The odd dynamic could see the only remaining Democrat in the FCC, Geoffrey Starks, acting chairman of a five-member committee with two vacancies. He would control the agenda. But he would need the support of at least one of the two Republicans in the FCC for major initiatives that require a vote.

The move could stall on Democratic goals such as restoring net neutrality rules that prevent cable and phone providers from interfering with subscriber web traffic, but were dumped by Republicans under former President Donald Trump. Efforts to strengthen broadband subsidies, make mobile broadband networks more reliable and end consolidation of broadcast ownership may also be delayed.

“It’s horribly frustrating to me that we can’t move forward on something Republicans don’t support,” David Choffnes, executive director of the Cybersecurity and Privacy Institute at Northeastern University, said in an interview. “Every day we don’t have a commission that gets us a majority, it’s a day when we don’t have to re-establish net neutrality rules.”

Biden appointed Rosenworcel to lead the FCC shortly after taking office. The FCC has lacked a commissioner since January, when Trump’s President Ajit Pai, a Republican, left. Now the agency is divided along party lines with its members consisting of two Republicans, Rosenworcel and Starks.
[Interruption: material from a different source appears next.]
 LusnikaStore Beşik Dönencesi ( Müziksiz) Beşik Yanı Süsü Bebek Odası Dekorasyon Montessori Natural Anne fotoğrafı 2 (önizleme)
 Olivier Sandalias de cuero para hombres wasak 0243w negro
Rosenworcel is serving a holding period after her term expired last year, and she is expected to leave the agency when Congress concludes its session, unless the White House is appointed for a new term and then confirmed by the Senate.
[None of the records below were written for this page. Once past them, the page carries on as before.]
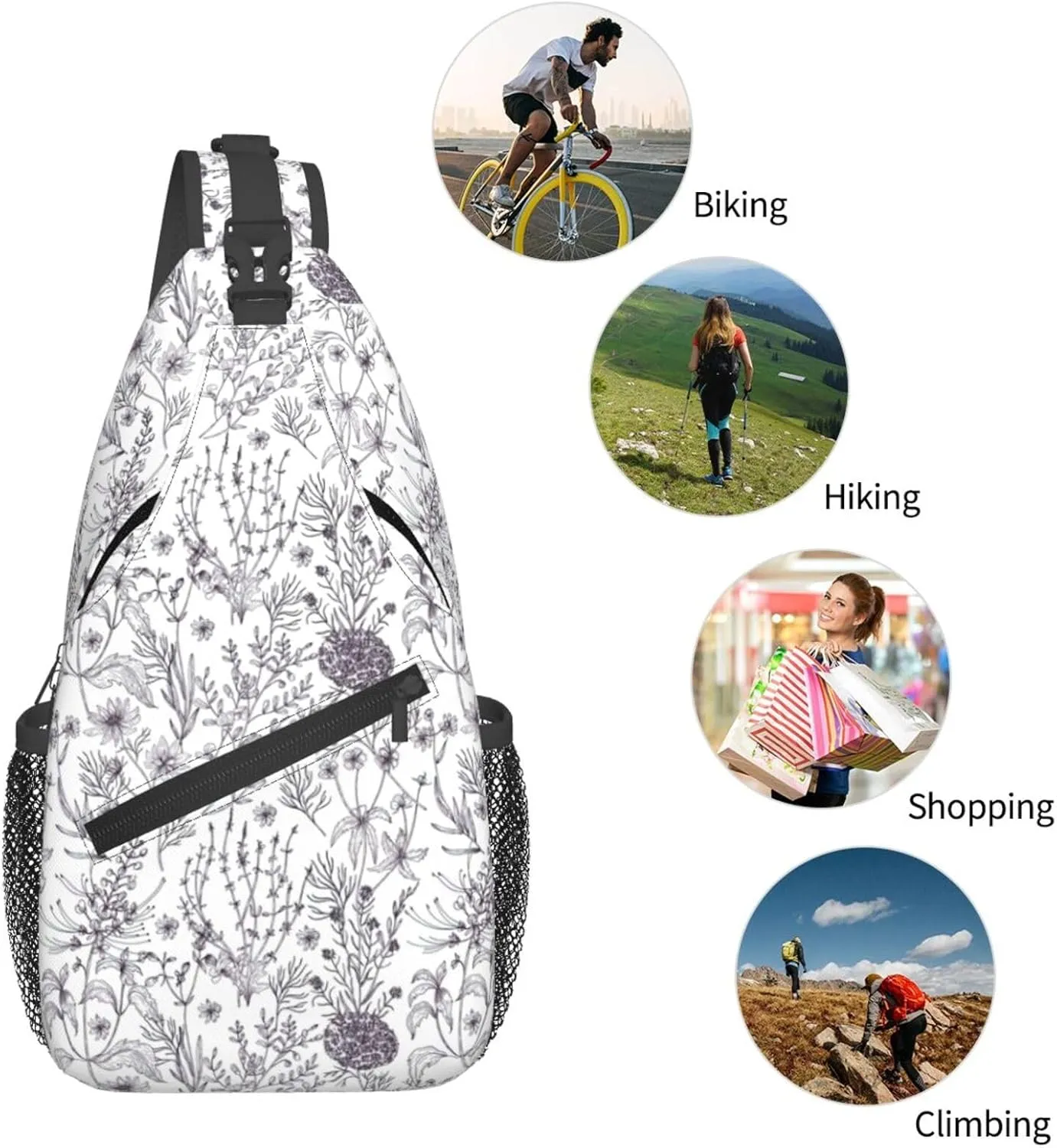 Men's Flowering Herbs and Herbaceous Plants Print Crossbody Shoulder Bag Travel Hiking Women Crossbody Sling Backpack
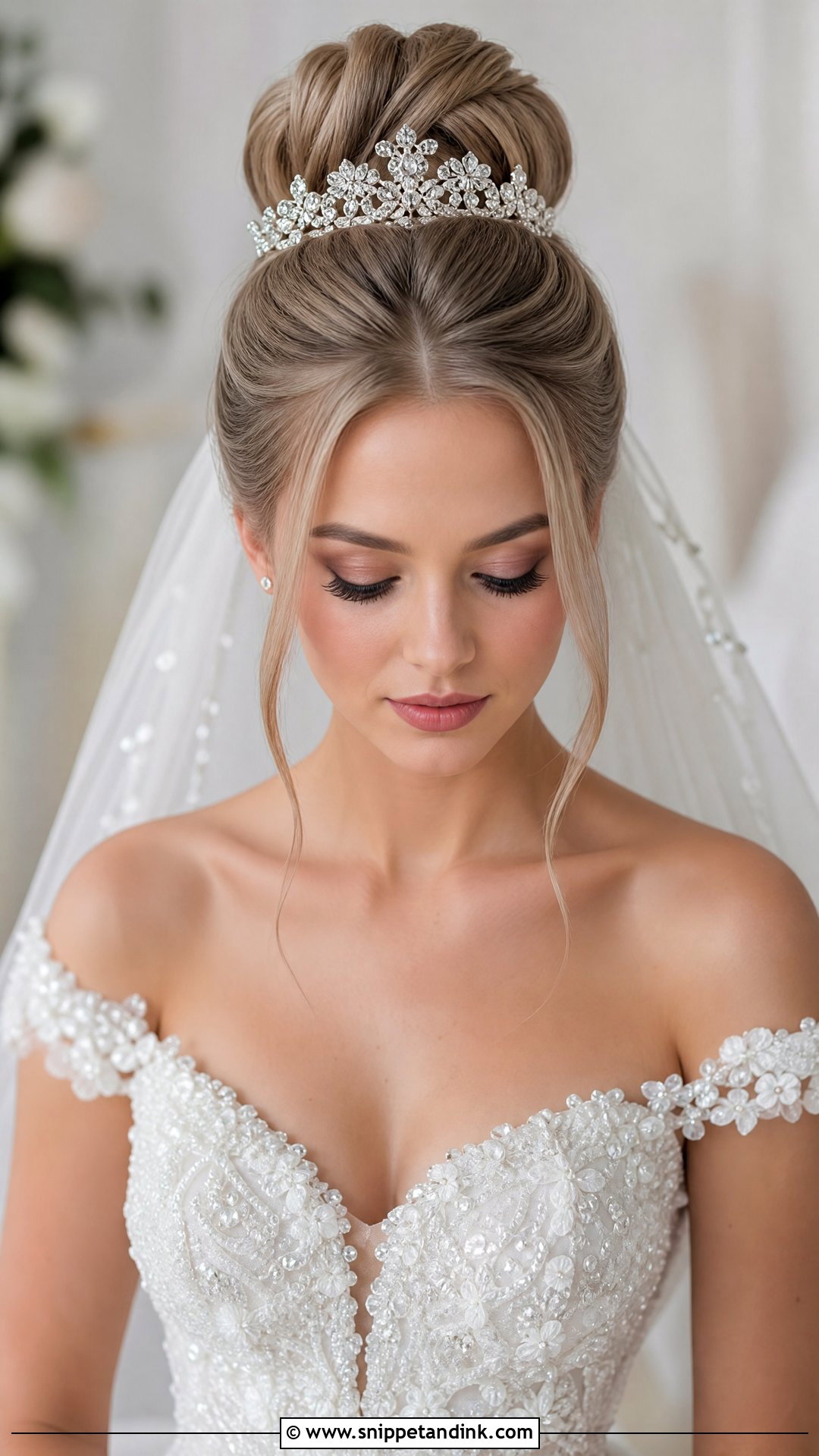 High Bun With Tiara - Snippet and Ink - 15 Bride High Bun Hairstyles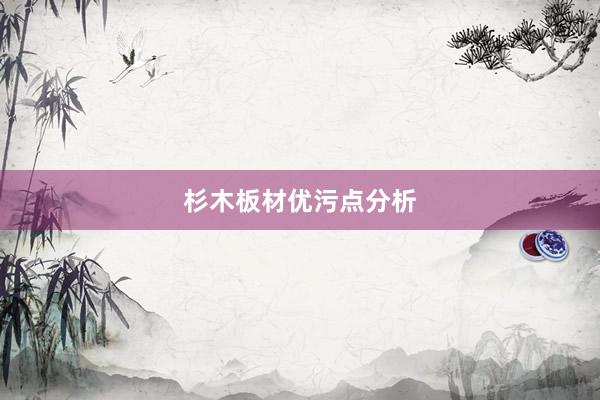 杉木板材优污点分析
Despite months of speculation, no name has come out of the White House for the seat held by Rosenworcel, and the one vacated by Pai.
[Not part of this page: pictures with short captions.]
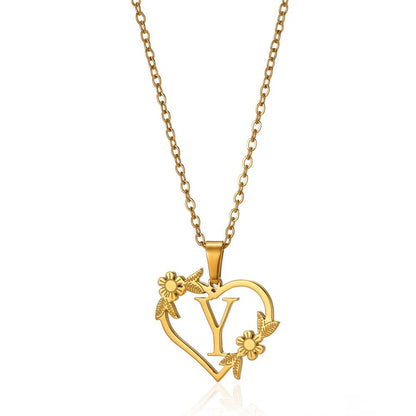 BowLift | Dainty Floral Heart Letter Initial Necklace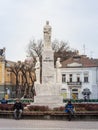 Car Jovan nenad statue on Subotica`s main square.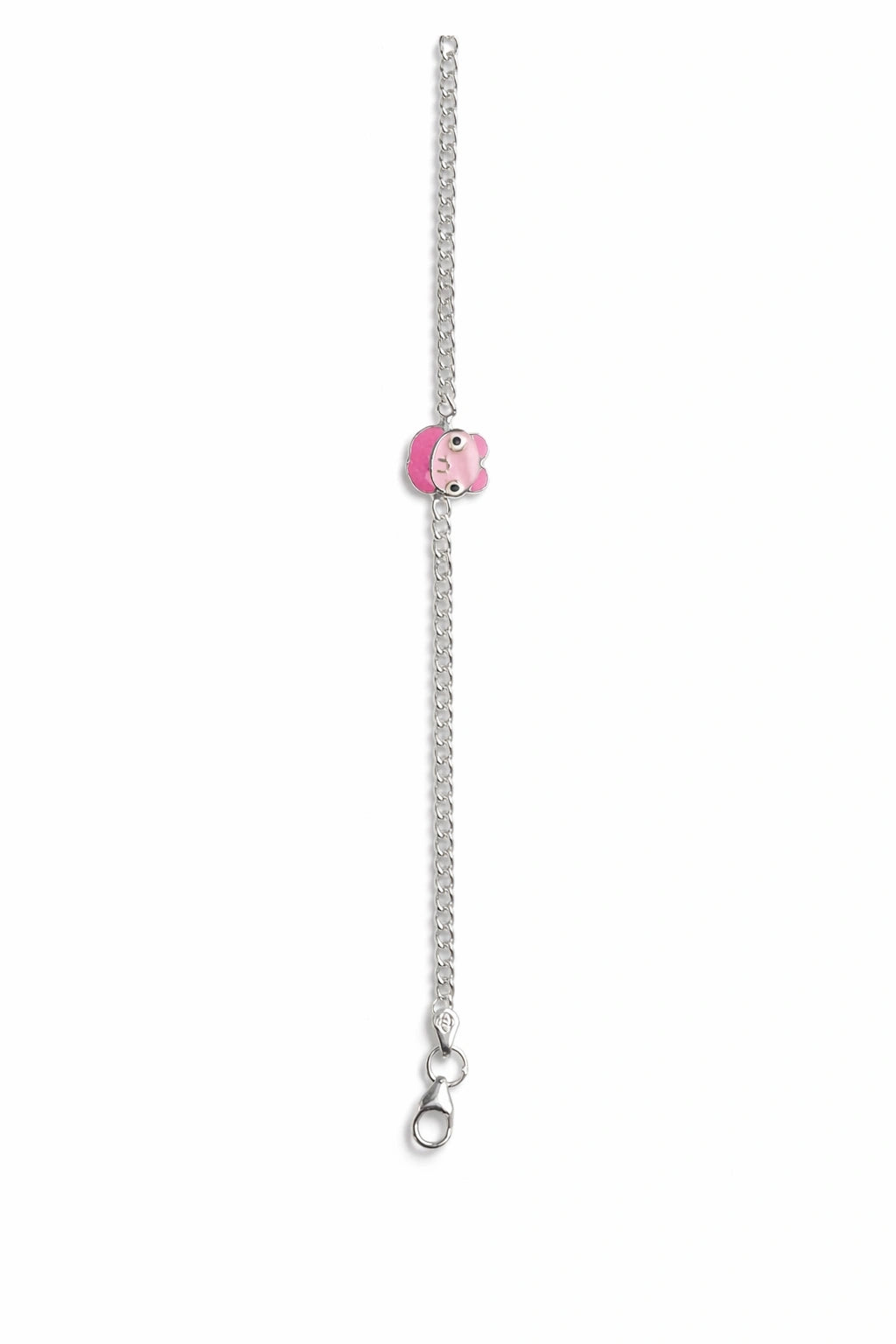 925 Sterling Silver Pink Cartoon Charm Bracelet for Women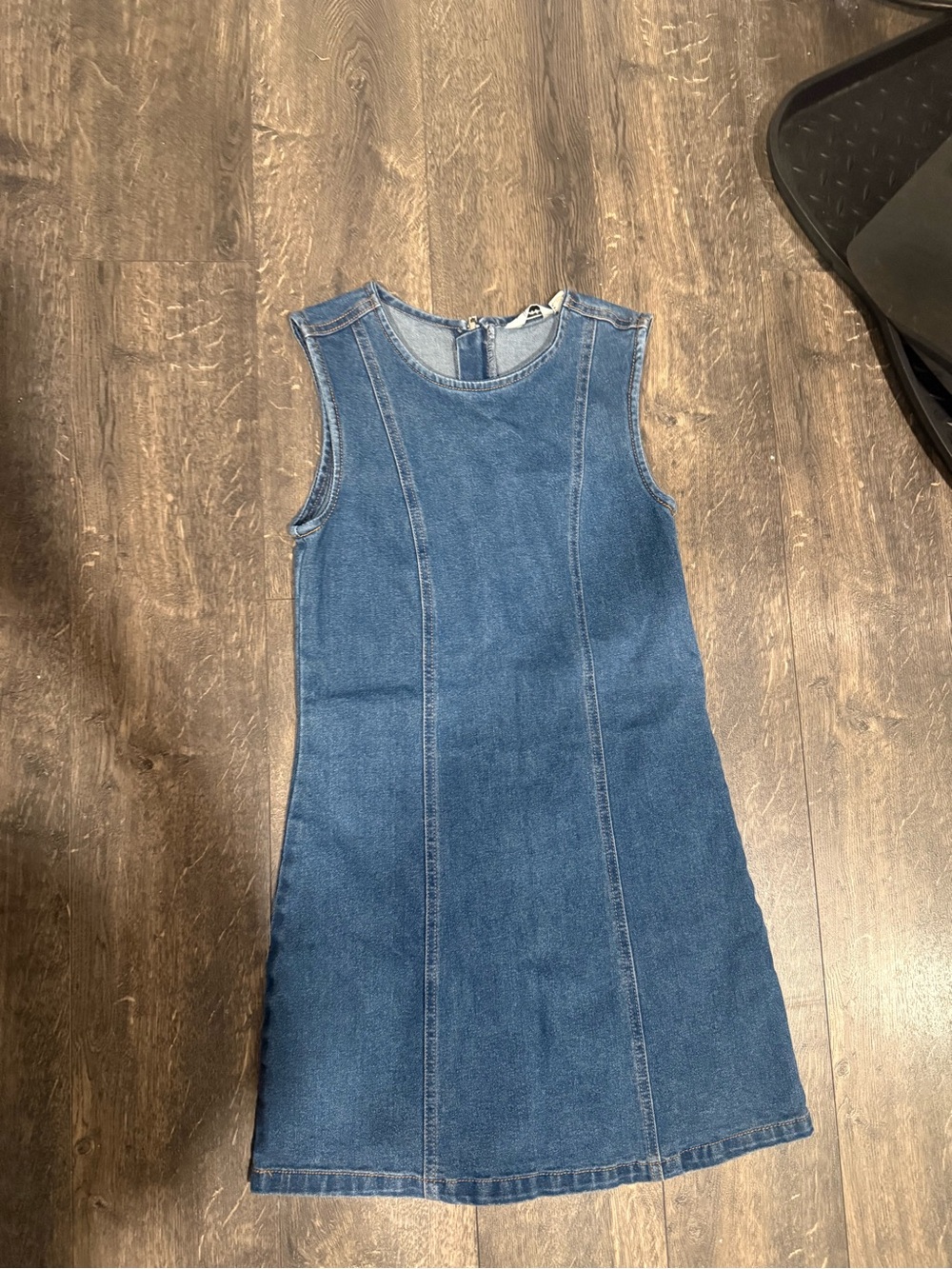 Sleeveless Denim Mini Dress in Blue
Rosenworcel has long been considered a top contender. On Wednesday, 24 Democratic senators, and an independent who caucus with them, called on Biden to select her, saying in a letter “there is no better qualified or more competent person” and that the decision to appoint her “cannot no longer be delayed. “

“It will take months for another candidate to go through the process, hire staff and start implementing a program, leading to indecision and deadlock,” the senators said in the letter. Rosenworcel will face few obstacles to confirmation since the Senate has already approved it, lawmakers said.

The White House and the FCC declined to comment on the candidates.

“The odds are better that even the 1-2 situation will occur,” said Blair Levin, Washington-based analyst for New Street Research. “To avoid this situation, the Biden administration would have to nominate and confirm two candidates by the end of the year, which is difficult.”

The remaining Senate schedule is busy and only one senator can slow down a candidate, Levin said.

An understaffed FCC will be able to do “very little beyond necessary administrative tasks and uncontroversial things,” Andrew Jay Schwartzman, senior advisor at the Benton Institute for Broadband & Society, said in an interview. .

Progress is needed on issues such as increasing competition for internet access for apartment dwellers and restoring net neutrality rules, Schwartzman said.

“We are maybe 14, 16, 18 months in administration without any action on the initiatives that progressives want,” Schwartzman said. “The sand will start to run out of the hourglass if they don’t fix this problem.”